Short text fragments from websites:
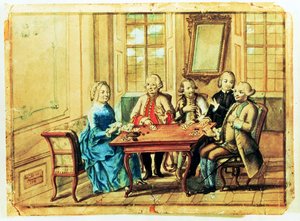 Cesarzowa Maria Teresa Austrii grająca w karty z feldmarszałkiem Karolym Batthyany (1698-1772), Nadaskim i feldmarszałkiem Leopoldem Josephem, hrabią von Daun (1705-66), 1751 autorstwa Austrian School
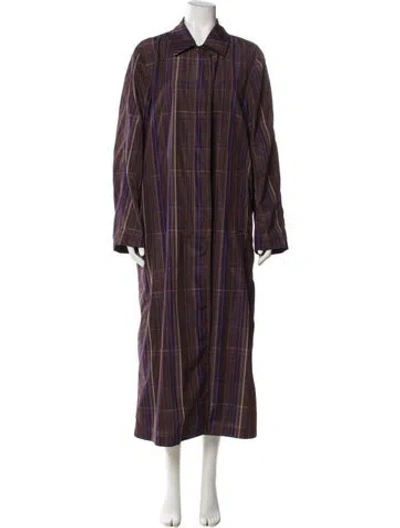 Pre-owned Dries Van Noten Plaid Print Faux Fur Coat W/ Tags In Brown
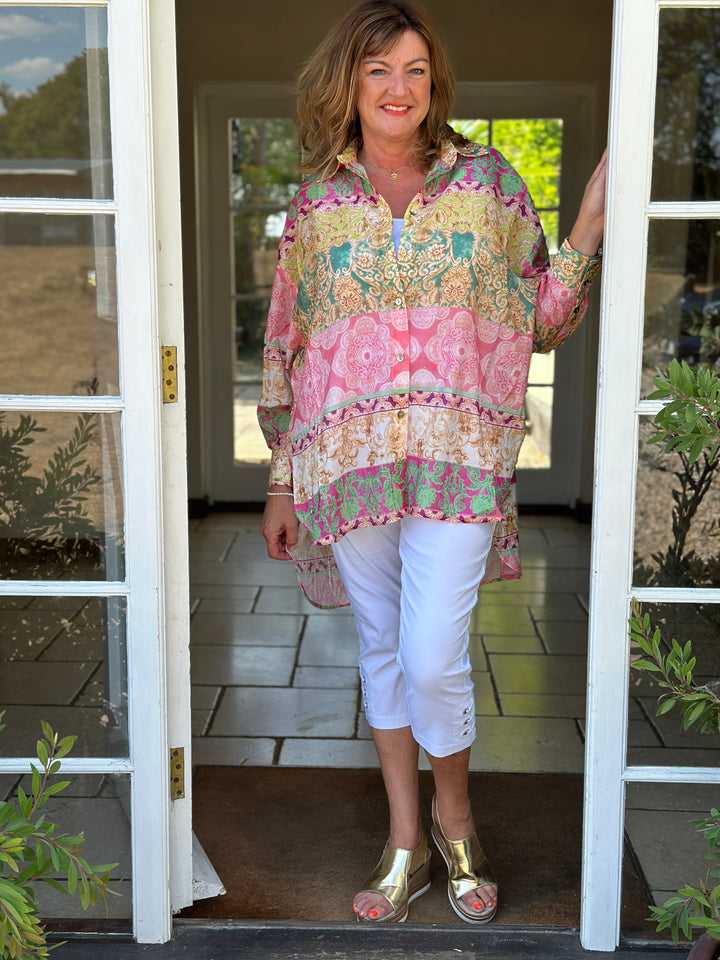 Baroque Print Shirt - Malissa J | Pink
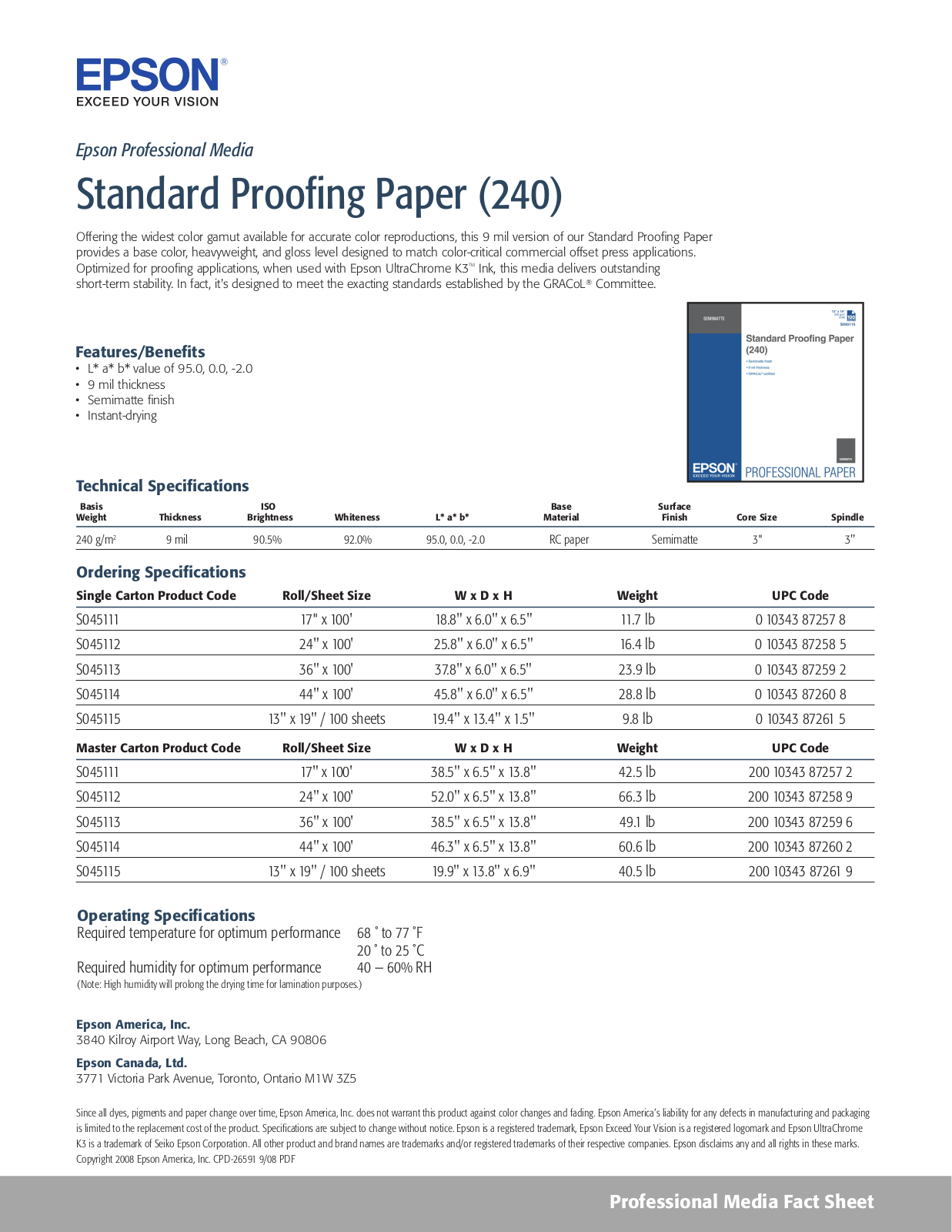 Epson C13S045115 Product Data Sheet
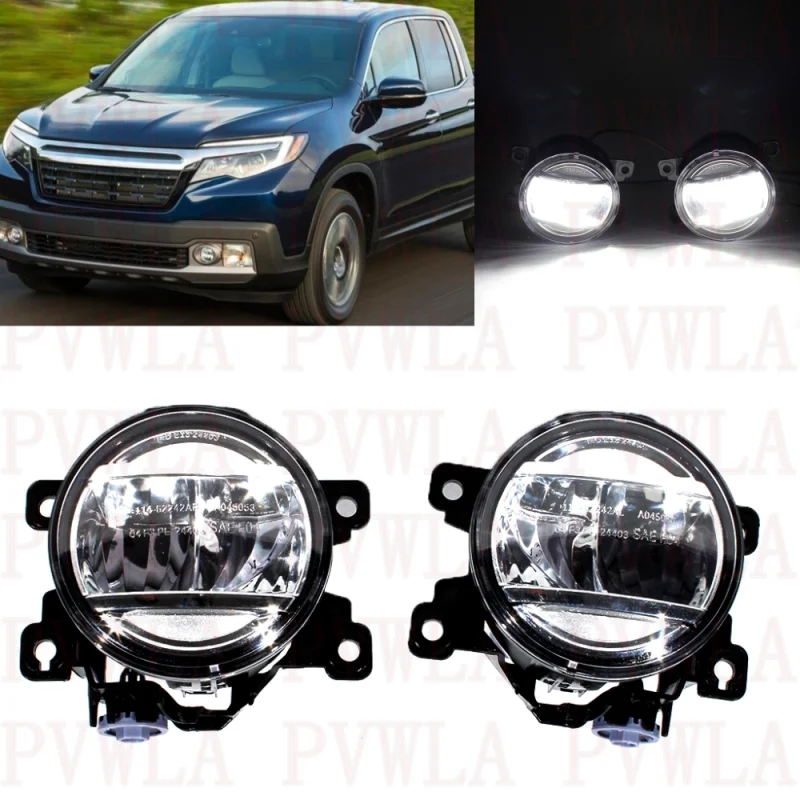 Pair Front Bumper Fog Lights Lamp With LED Bulbs 33900-TEY-Y01 33950-TEY-Y01 For Honda Ridgeline 2017 2018 2019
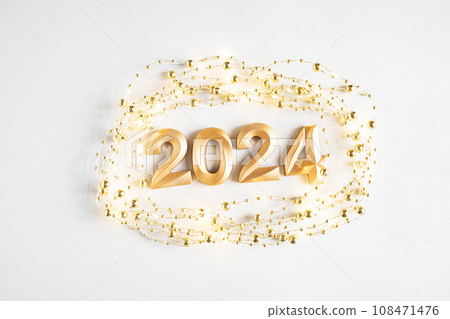 Greeting card - happy new year with numbers 2024 in decoration lights frame on white background. 108471476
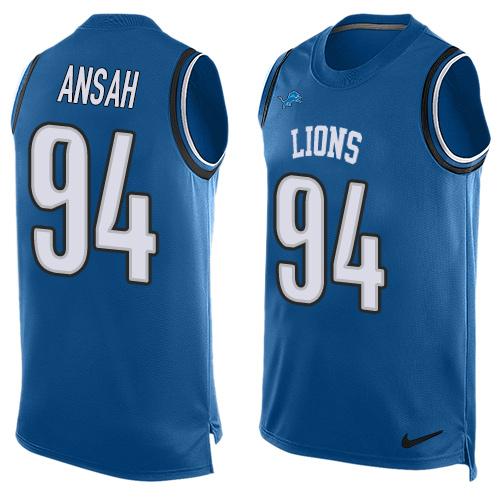 Nike Lions #94 Ziggy Ansah Blue Team Color Men's Stitched NFL Limited Tank Top Jersey Nike Lions #94 Ziggy Ansah Blue Team Color Men's Stitched NFL Limited Tank Top Jersey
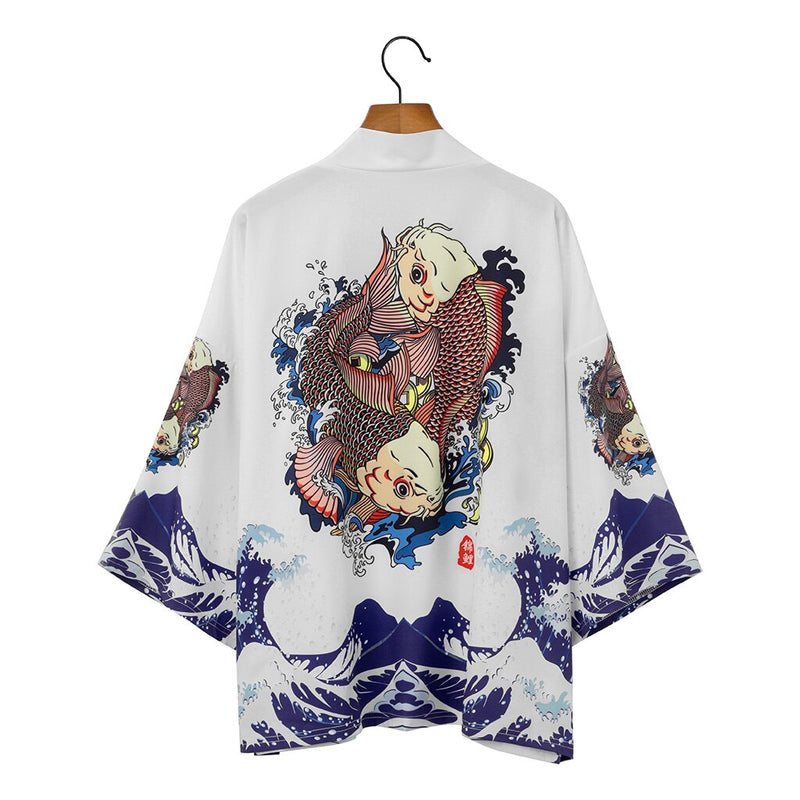 Kimono japonés cárdigan hombres novedad de verano Haori Samurai Kimonos Karate Streetwear camisa Kimono japonés hombres Haori Yukata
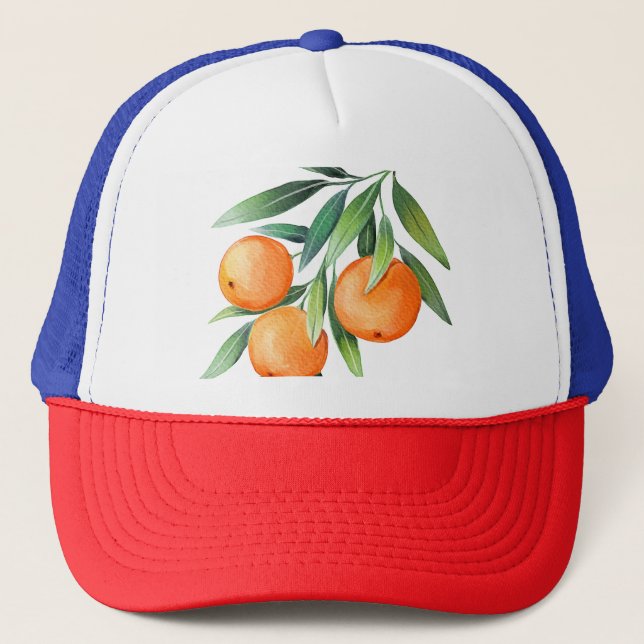 Boné Frutas Laranja De Aquarela: Ramais Isolados. (Frente)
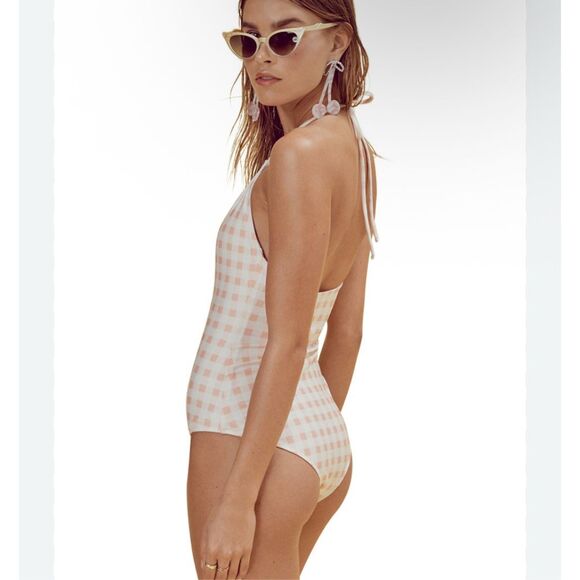 For Love And Lemons Bonnie One Piece Swimsuit Zip Up Small Pink Gingham Halter S - Picture 7 of 16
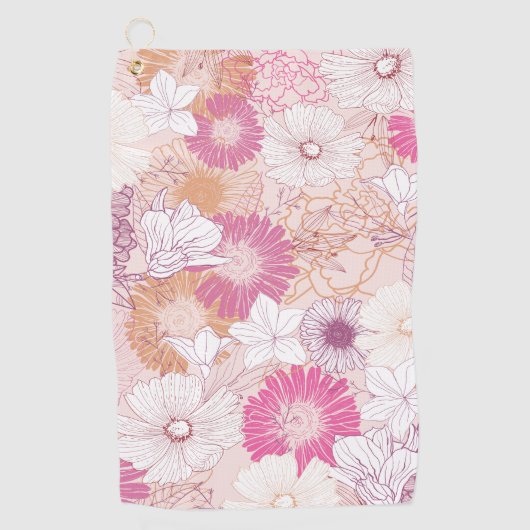 Serviette De Golf Fleurs sans couture (Devant)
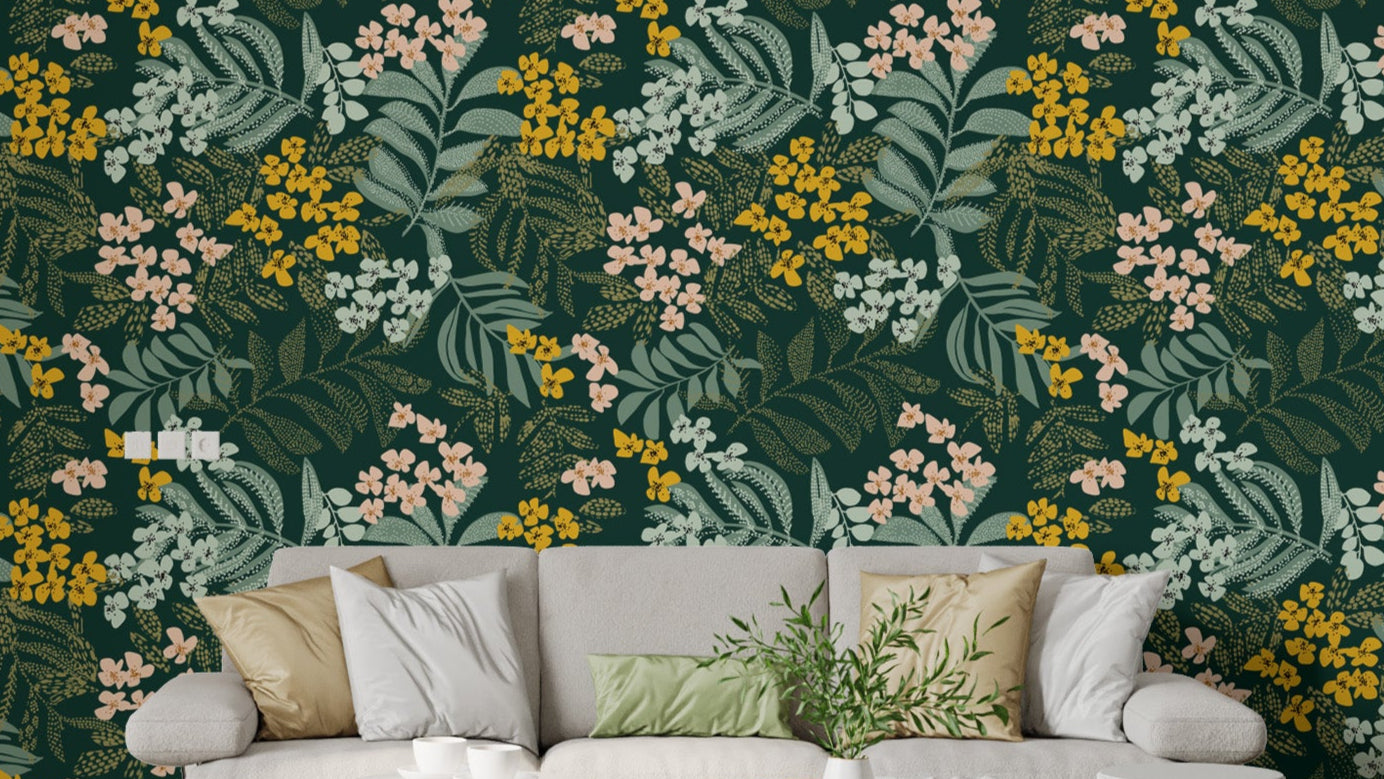 Whimsical Forest Flora Wallpaper Mural
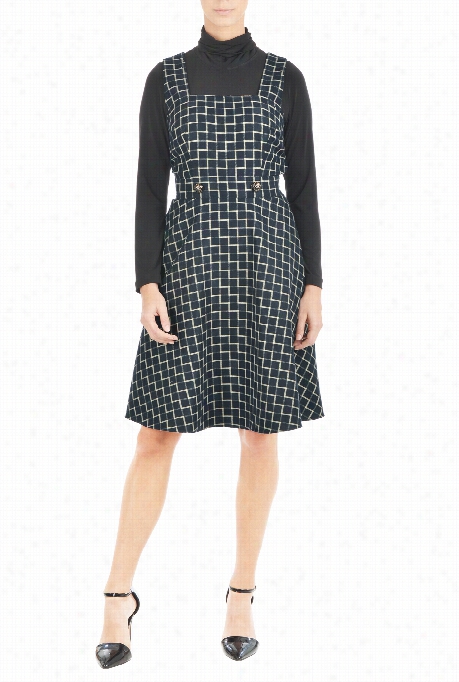 Eshakti Womens' Cross Aid Twill Check Dress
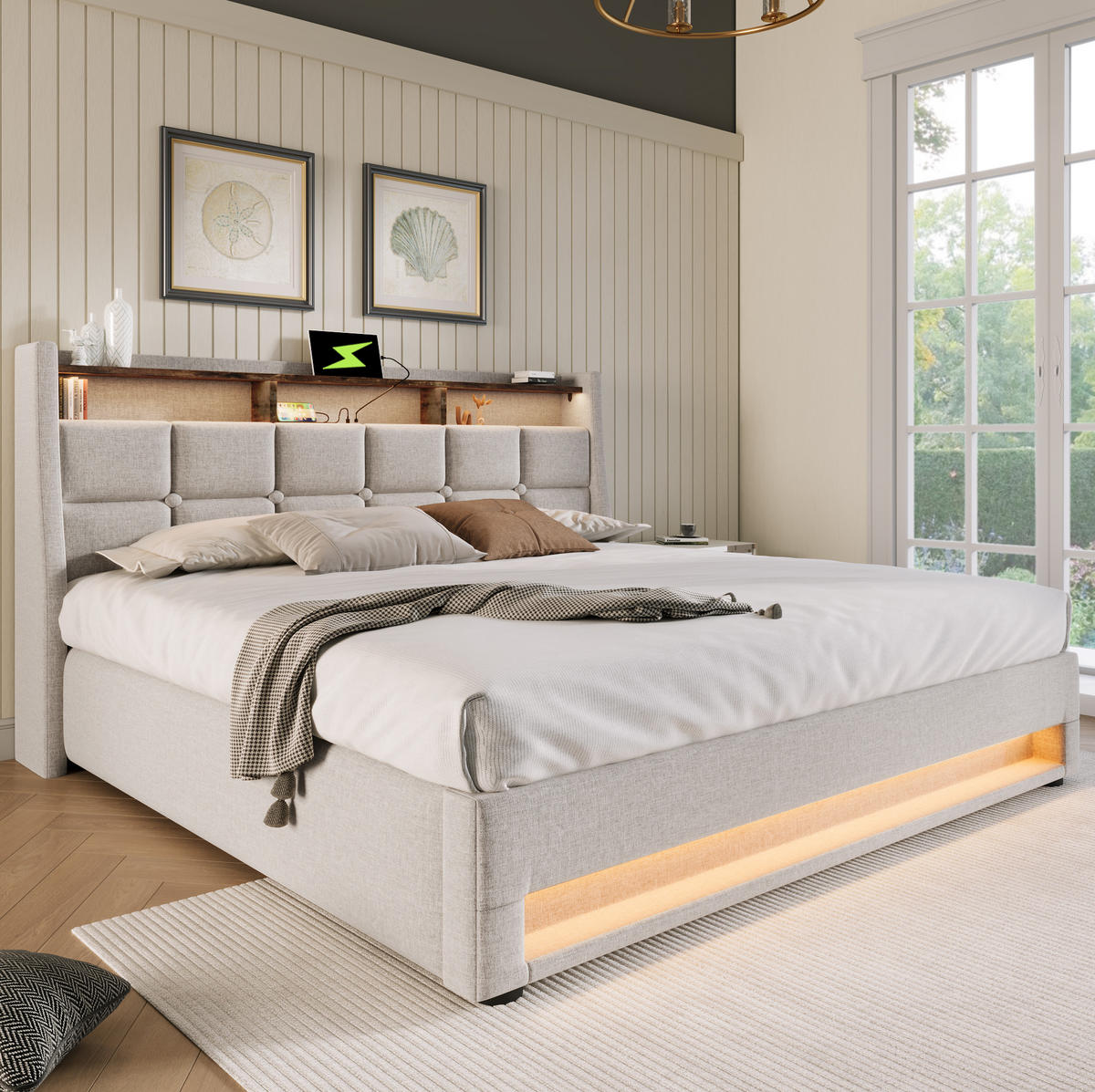 POLSTERBETT mit Stauraum, USB und LED 160x200 cm Leinen Beige - Beige, Metall (160/200cm) - Meubliv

Problem to solve: Although the records contain pictures, the copy should consist of their text alone, reproduced exactly.

Output of the exercise:
 Cesarzowa Maria Teresa Austrii grająca w karty z feldmarszałkiem Karolym Batthyany (1698-1772), Nadaskim i feldmarszałkiem Leopoldem Josephem, hrabią von Daun (1705-66), 1751 autorstwa Austrian School
 Pre-owned Dries Van Noten Plaid Print Faux Fur Coat W/ Tags In Brown
 Baroque Print Shirt - Malissa J | Pink
 Epson C13S045115 Product Data Sheet
 Pair Front Bumper Fog Lights Lamp With LED Bulbs 33900-TEY-Y01 33950-TEY-Y01 For Honda Ridgeline 2017 2018 2019
 Greeting card - happy new year with numbers 2024 in decoration lights frame on white background. 108471476
 Nike Lions #94 Ziggy Ansah Blue Team Color Men's Stitched NFL Limited Tank Top Jersey Nike Lions #94 Ziggy Ansah Blue Team Color Men's Stitched NFL Limited Tank Top Jersey
 Kimono japonés cárdigan hombres novedad de verano Haori Samurai Kimonos Karate Streetwear camisa Kimono japonés hombres Haori Yukata
 Boné Frutas Laranja De Aquarela: Ramais Isolados. (Frente)
 For Love And Lemons Bonnie One Piece Swimsuit Zip Up Small Pink Gingham Halter S - Picture 7 of 16
 Serviette De Golf Fleurs sans couture (Devant)
 Whimsical Forest Flora Wallpaper Mural
 Eshakti Womens' Cross Aid Twill Check Dress
 POLSTERBETT mit Stauraum, USB und LED 160x200 cm Leinen Beige - Beige, Metall (160/200cm) - Meubliv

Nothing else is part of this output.